__WHAT YOU WILL DO__.
Leaving every picture out, please return exactly the lines from the top of the material below through the line with "锡纳亚Panoramic Loft Colina Marei公寓 外观 照片", both included.
BEGIN SUPPLIED MATERIAL
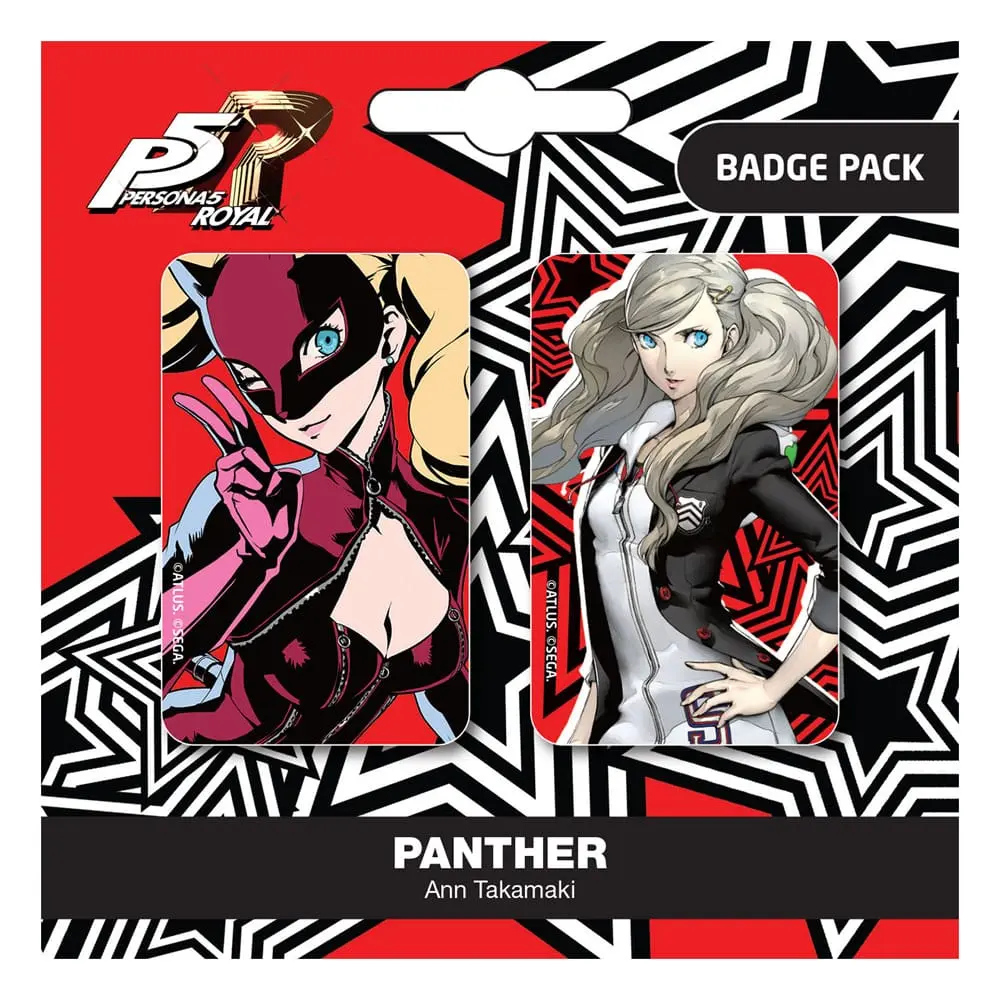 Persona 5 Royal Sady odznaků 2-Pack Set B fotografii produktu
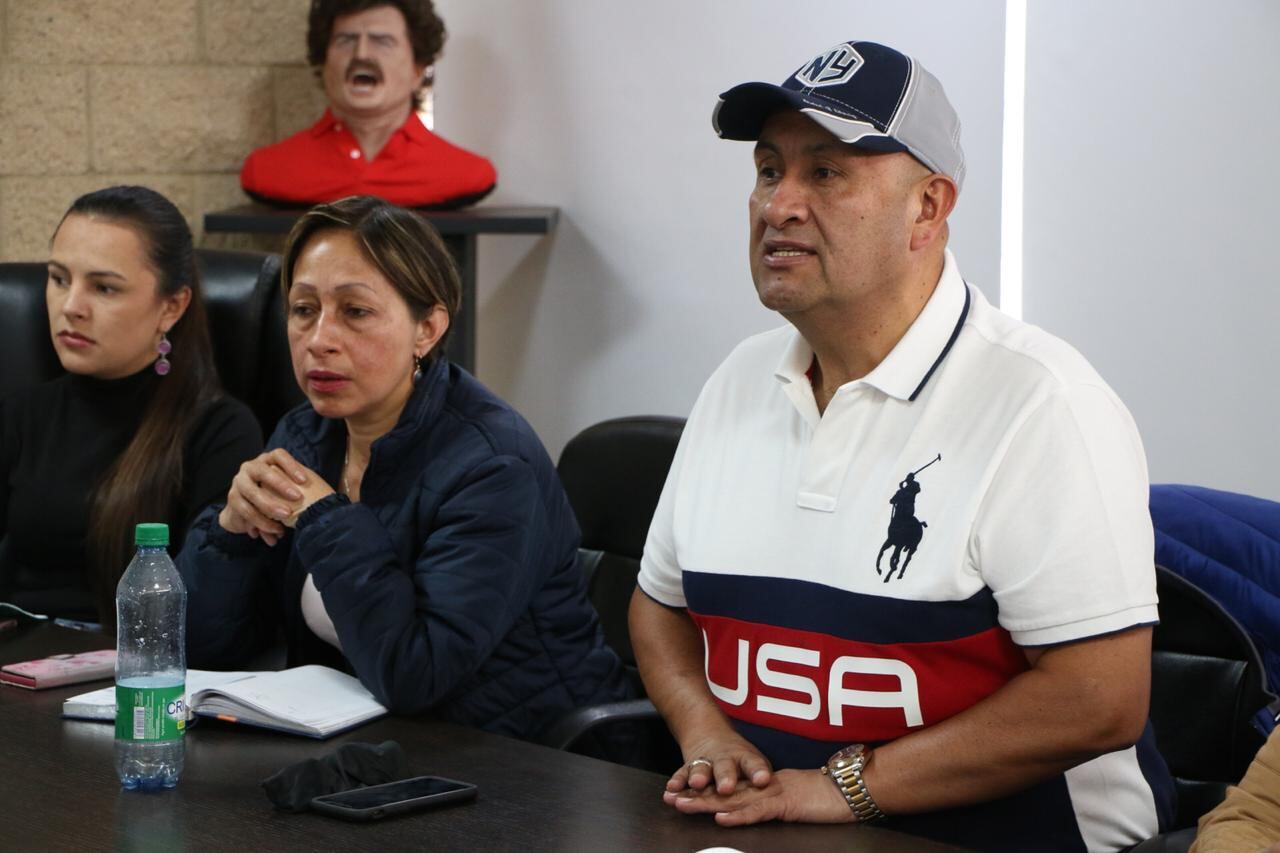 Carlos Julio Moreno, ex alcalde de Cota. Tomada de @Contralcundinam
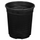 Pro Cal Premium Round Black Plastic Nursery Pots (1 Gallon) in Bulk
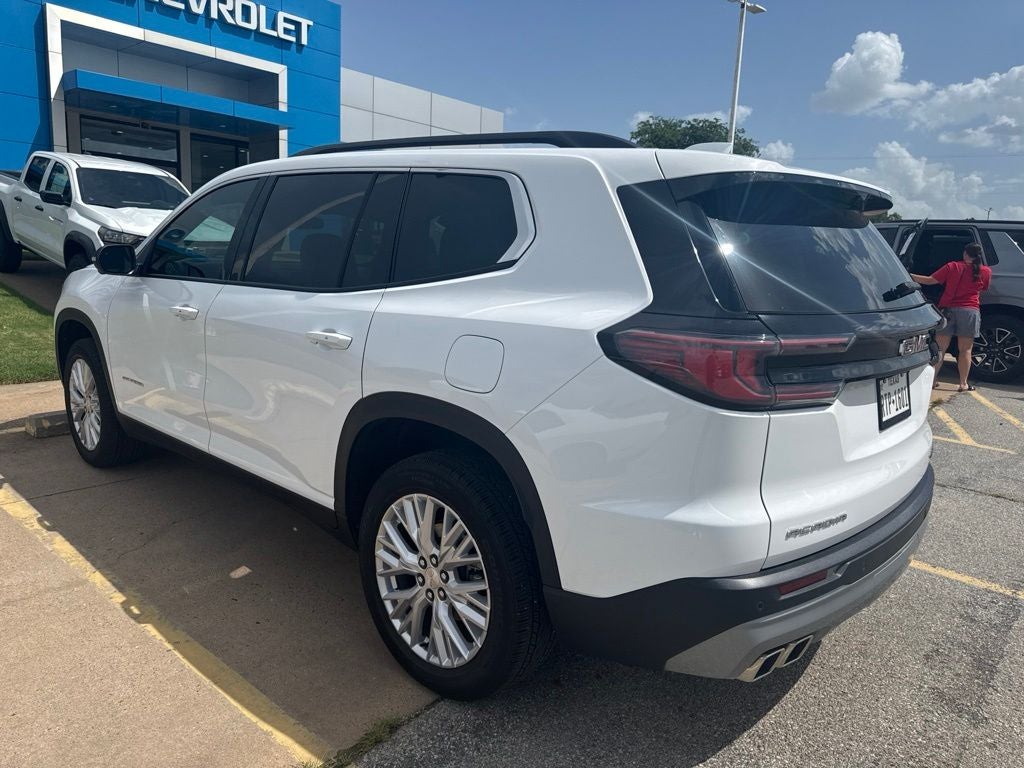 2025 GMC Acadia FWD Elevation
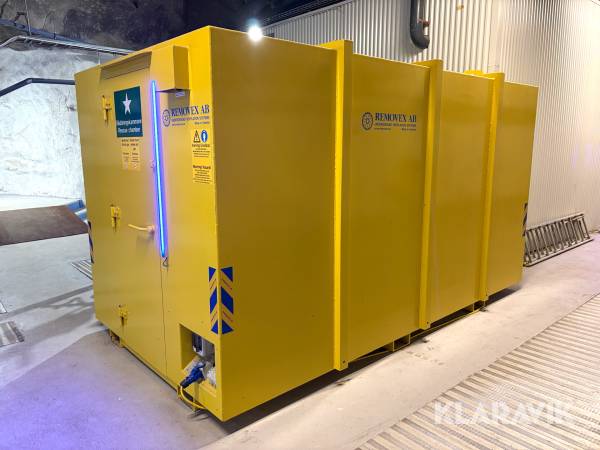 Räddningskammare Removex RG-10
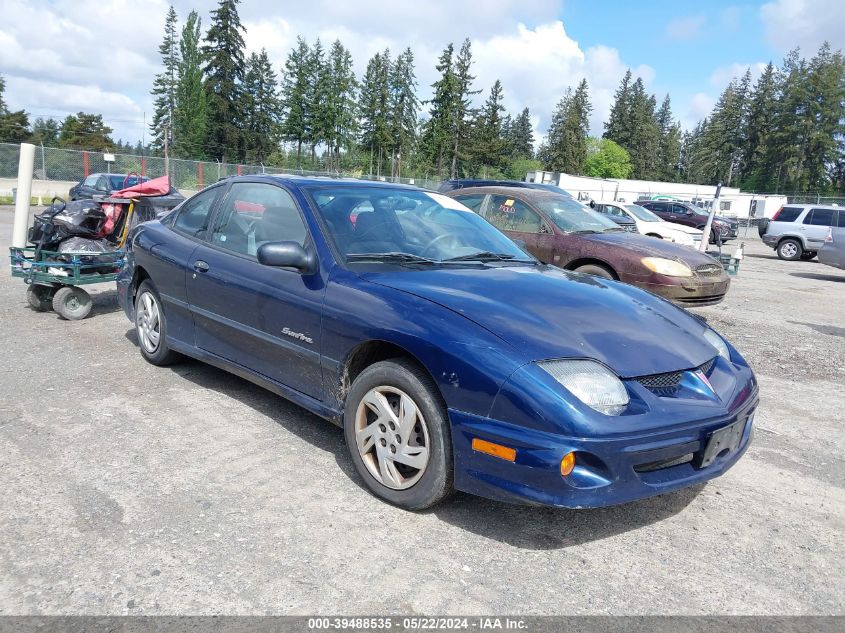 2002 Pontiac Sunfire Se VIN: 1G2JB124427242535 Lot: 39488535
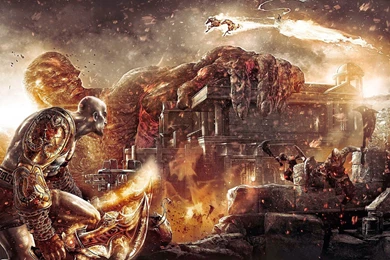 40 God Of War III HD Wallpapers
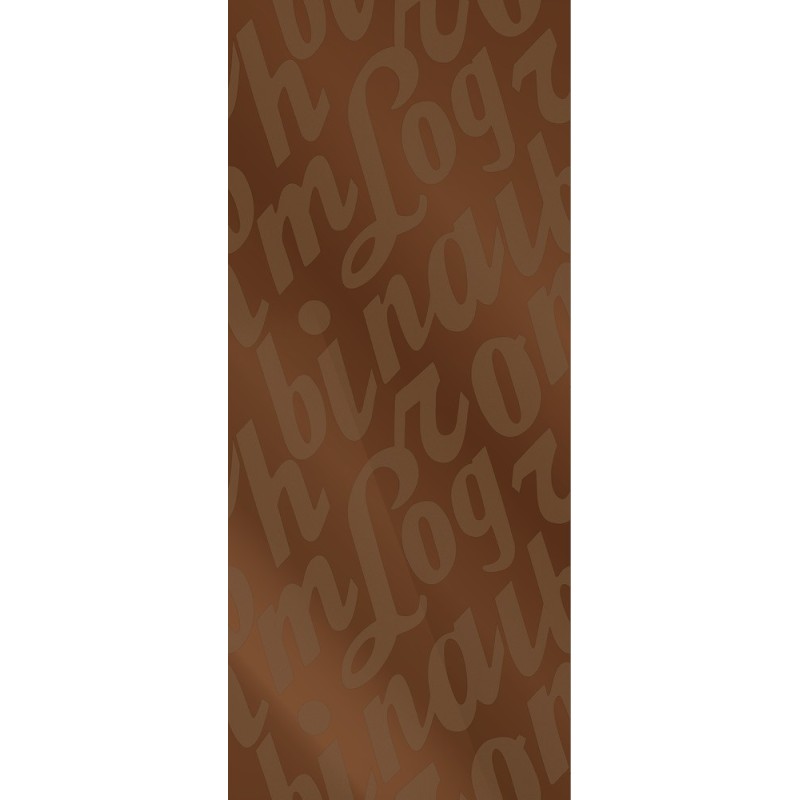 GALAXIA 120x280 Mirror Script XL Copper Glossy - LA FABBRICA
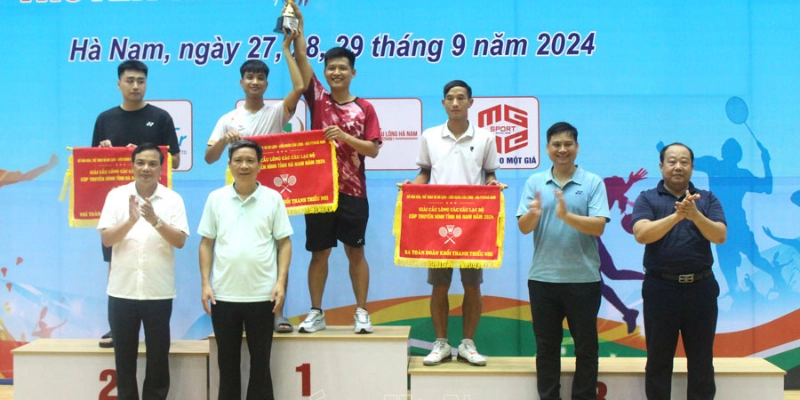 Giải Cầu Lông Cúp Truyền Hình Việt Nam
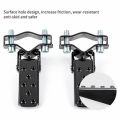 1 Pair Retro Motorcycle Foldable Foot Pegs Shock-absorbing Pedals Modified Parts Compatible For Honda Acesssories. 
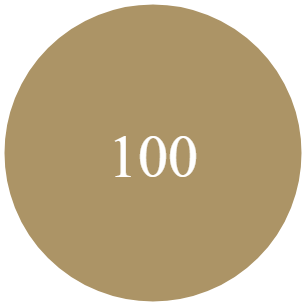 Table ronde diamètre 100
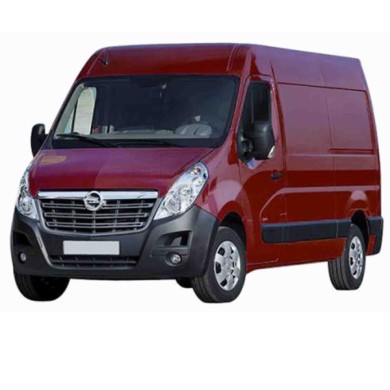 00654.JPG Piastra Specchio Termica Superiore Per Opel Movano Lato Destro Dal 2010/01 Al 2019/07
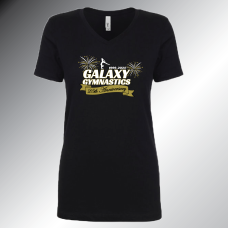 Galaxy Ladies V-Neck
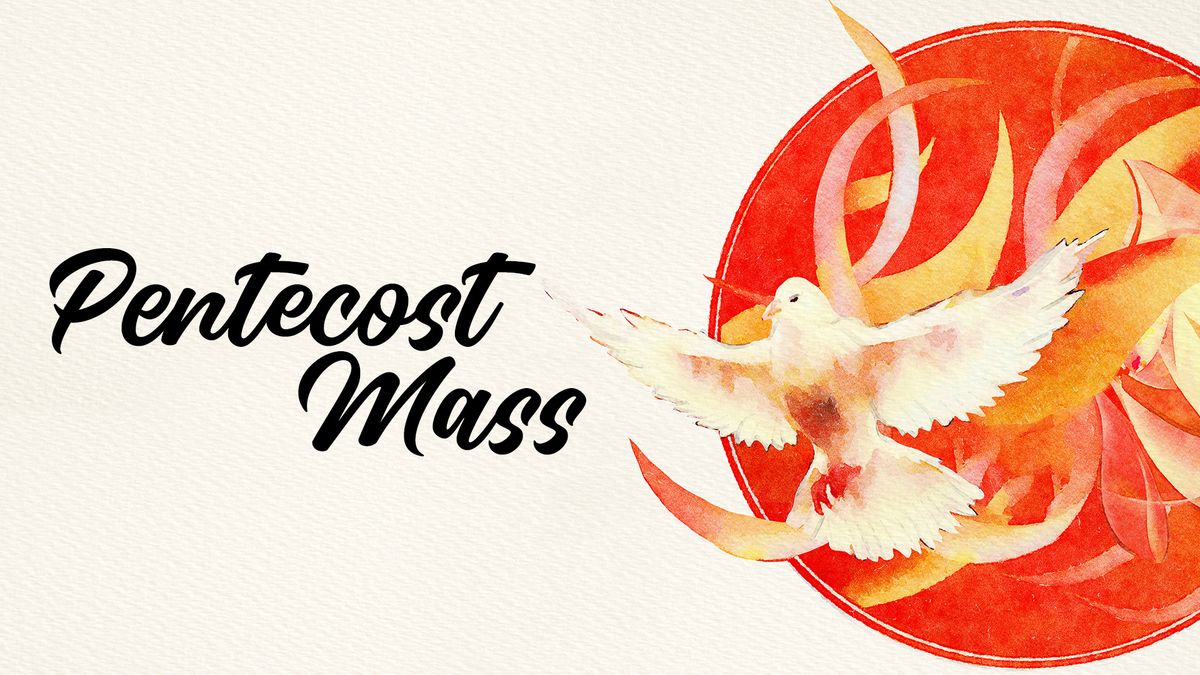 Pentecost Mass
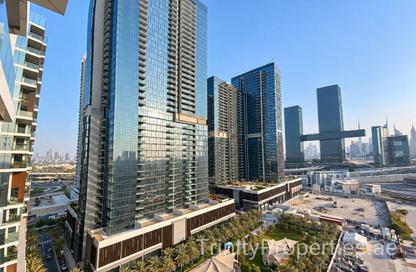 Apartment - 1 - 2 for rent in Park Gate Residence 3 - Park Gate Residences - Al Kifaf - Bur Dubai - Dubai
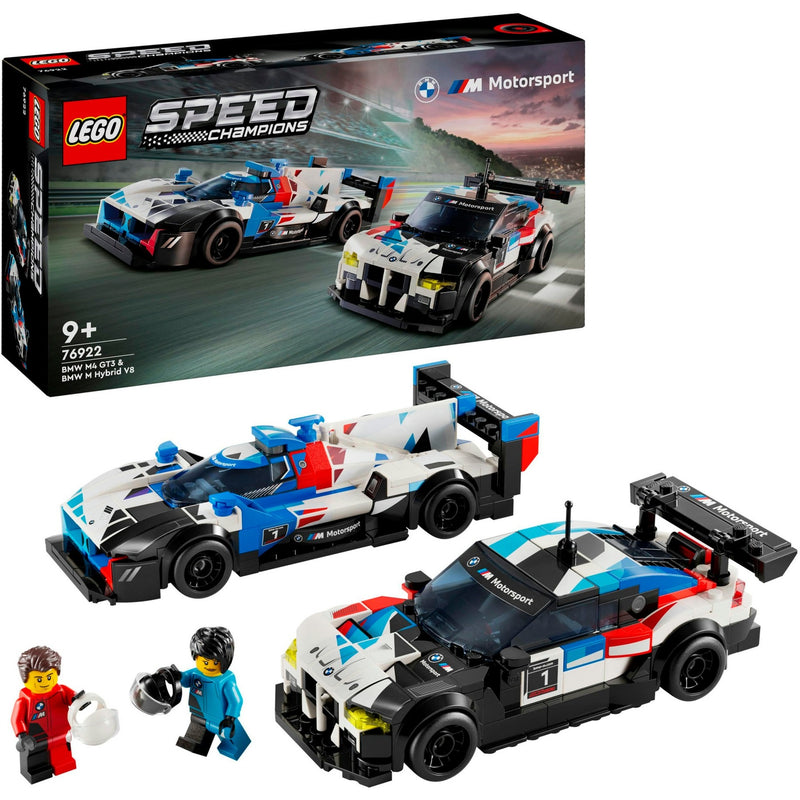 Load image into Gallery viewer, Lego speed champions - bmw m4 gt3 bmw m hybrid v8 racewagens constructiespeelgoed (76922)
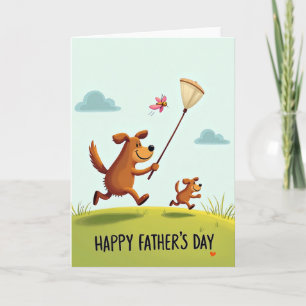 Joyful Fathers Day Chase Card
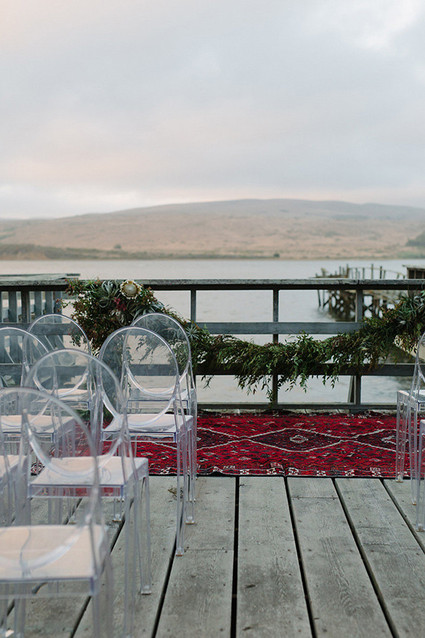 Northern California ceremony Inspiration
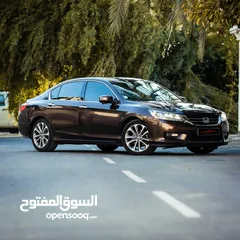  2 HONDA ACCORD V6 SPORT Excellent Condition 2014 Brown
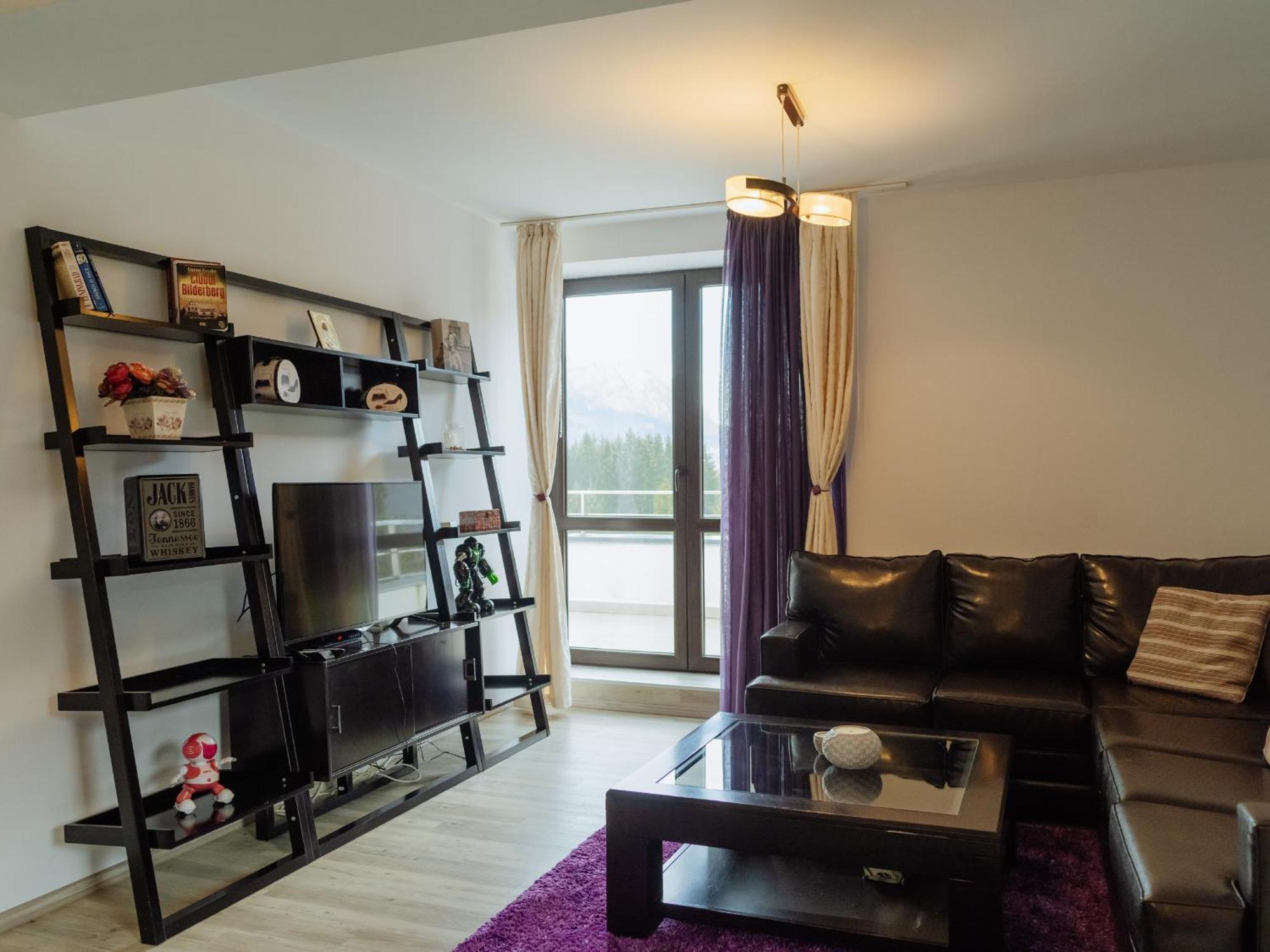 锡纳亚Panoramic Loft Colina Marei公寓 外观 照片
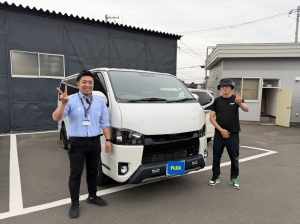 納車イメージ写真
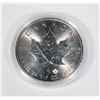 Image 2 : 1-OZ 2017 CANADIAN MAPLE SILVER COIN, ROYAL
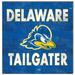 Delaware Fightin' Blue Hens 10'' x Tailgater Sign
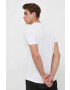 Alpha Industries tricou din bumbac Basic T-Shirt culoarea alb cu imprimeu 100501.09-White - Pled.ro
END SUPPLIED MATERIAL
__EXERCISE RESPONSE__.
 Persona 5 Royal Sady odznaků 2-Pack Set B fotografii produktu
 Carlos Julio Moreno, ex alcalde de Cota. Tomada de @Contralcundinam
 Pro Cal Premium Round Black Plastic Nursery Pots (1 Gallon) in Bulk
 2025 GMC Acadia FWD Elevation
 Räddningskammare Removex RG-10
 2002 Pontiac Sunfire Se VIN: 1G2JB124427242535 Lot: 39488535
 40 God Of War III HD Wallpapers
 GALAXIA 120x280 Mirror Script XL Copper Glossy - LA FABBRICA
 Giải Cầu Lông Cúp Truyền Hình Việt Nam
 1 Pair Retro Motorcycle Foldable Foot Pegs Shock-absorbing Pedals Modified Parts Compatible For Honda Acesssories. 
 Table ronde diamètre 100
 00654.JPG Piastra Specchio Termica Superiore Per Opel Movano Lato Destro Dal 2010/01 Al 2019/07
 Galaxy Ladies V-Neck
 Pentecost Mass
 Apartment - 1 - 2 for rent in Park Gate Residence 3 - Park Gate Residences - Al Kifaf - Bur Dubai - Dubai
 Load image into Gallery viewer, Lego speed champions - bmw m4 gt3 bmw m hybrid v8 racewagens constructiespeelgoed (76922)
 Joyful Fathers Day Chase Card
 Northern California ceremony Inspiration
  2 HONDA ACCORD V6 SPORT Excellent Condition 2014 Brown
 锡纳亚Panoramic Loft Colina Marei公寓 外观 照片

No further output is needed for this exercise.